Assorted Havemeyers live in the city with Harry’s objets d’art, though the bulk of his collection of Spanish and Impressionist art, including works by El Greco, Velázquez, and Goya, is in the collection of the Metropolitan Museum of Art. Citibank has branches all over the city. On weekends in Central Park, on the beach at Coney Island, in small community gardens like Jorge Torres’s, bomba y plena musicians sing plaintive songs of another time and place: “I can see from here/the cane fields … where I was born.”

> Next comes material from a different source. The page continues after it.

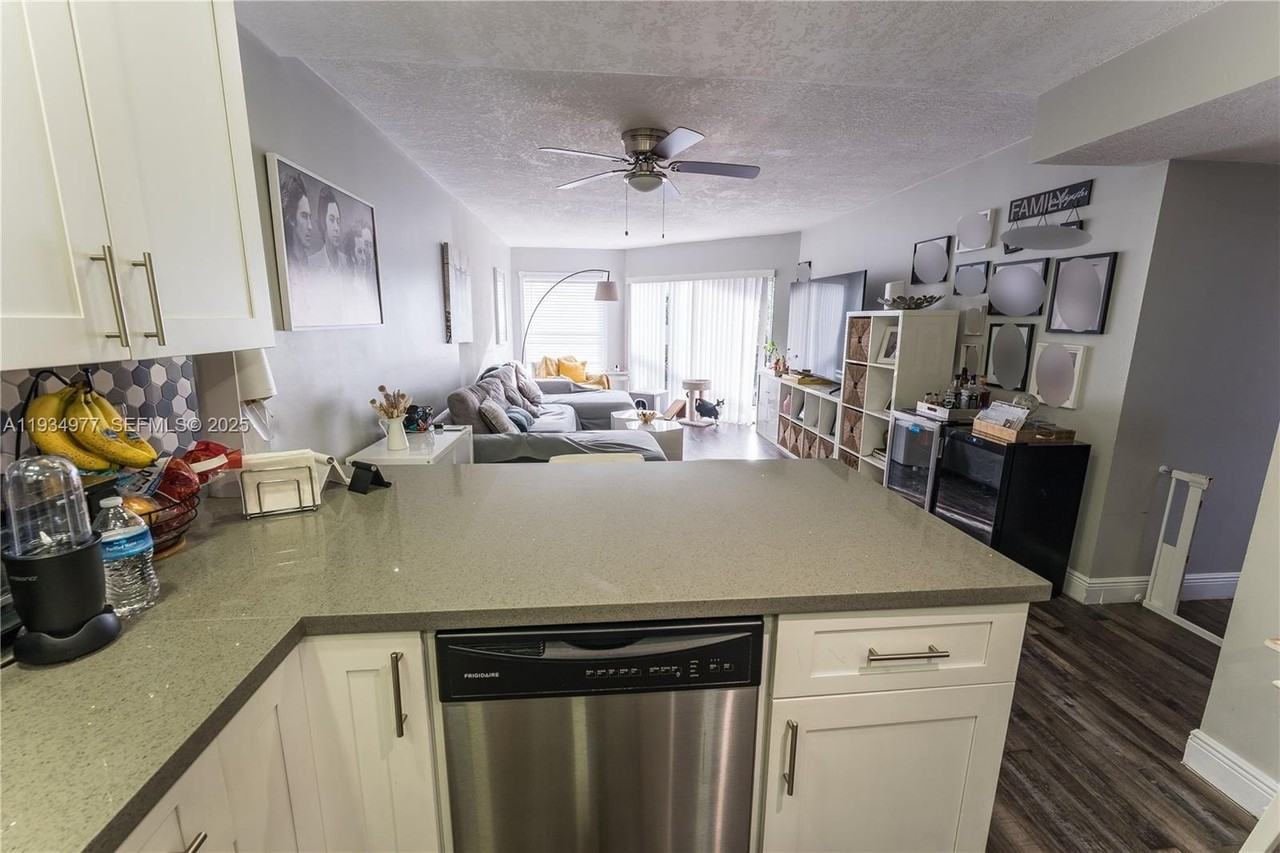 8810 Sw 132nd Pl #404DN - Photo 6 of 17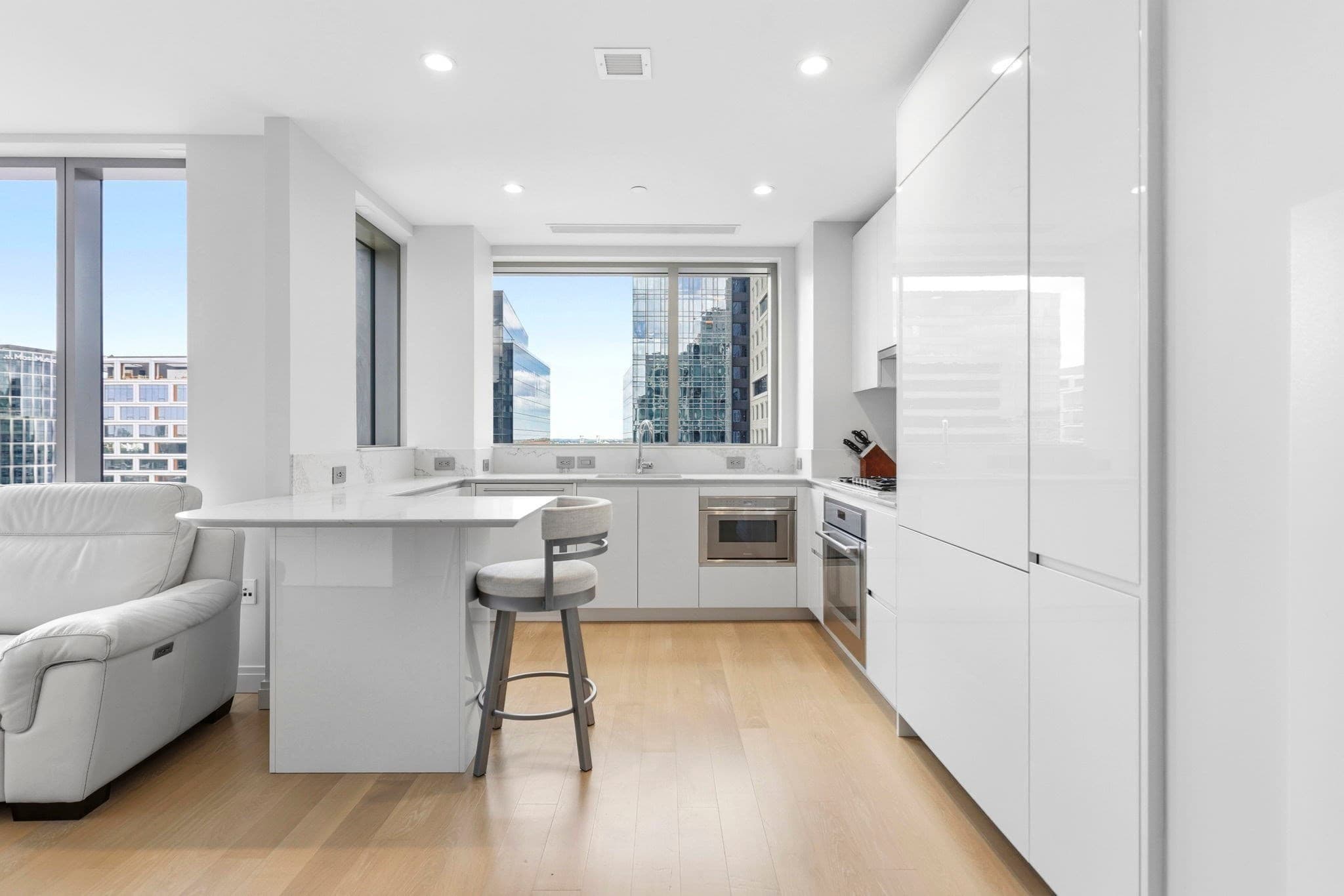 Condominium at 133 Seaport Blvd # 1602, Boston MA 02210, photo 18 of 30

And in Jorge Torres’s garden in the South Bronx: a red stalk of sugarcane with a thick white pith. “My kids don’t even know what it is,” says Jorge, before biting into the flesh of his cane plant. What it is: the early withdrawal from school, the grueling labor, the hot sun, the blazing fires in the fields, the twenty-five-cents-a-day wages, the recurring meals of yams, the stunted growth, the adolescent exhaustion, the decision to leave everything and flee to a faraway place. His kids don’t know anything about those things. “But they eat it,” says Jorge, smiling. His gift to them is the cane without its cost. He has found a way to pass on his history without its damage. He offers the privilege that so many others take as a given—that here in New York, his children should never know the debilitating side of the cane, only its sweetness.
BEER
THERE ARE JOSH FIELDS and Jon Conner, standing inside the cinderblock-walled freight elevator off the kitchen in Jon’s loft space. They carried kegs into the elevator from their temperature-controlled storage space in the garage, brought the lift to the second-floor kitchen, stalled it, and opened the door. They hung a sign saying: SAVE A DINOSAUR—REUSE YOUR CUP! They pulled over a table and piled it with plastic cups so they could offer beer service from within the elevator shaft.
Now men in plaid shirts and women in tight jeans—sculptors, photographers, painters, cabinetmakers, glassblowers, jewelry workers, graphic designers—fill the bright, cavernous kitchen. A blackboard highlights the beer specials, which Josh and Jon brewed: Land Lover, a dark brown ale with an earthy feel; Frank Lloyd Rye, an India Pale Ale with a floral hint and a spicy note of rye; Robot Small, a rice ale, similar to Sapporo. There’s After Glow, a pale ale with an orangey haze, and Shark Attack!!, a bitingly high-alcohol IPA made with hops with a tropical mango flavor. There’s Eric, a mild smoked porter, named after Jon’s friend Eric Porter, who extracted a promise of eponymous tribute for all porter beers. It’s months of effort they’re offering, many mornings of huddling over the brew kettle. Now as Black Mountain and Lil Wayne provide a soundtrack, Jon and Josh remain in the elevator shaft, pouring.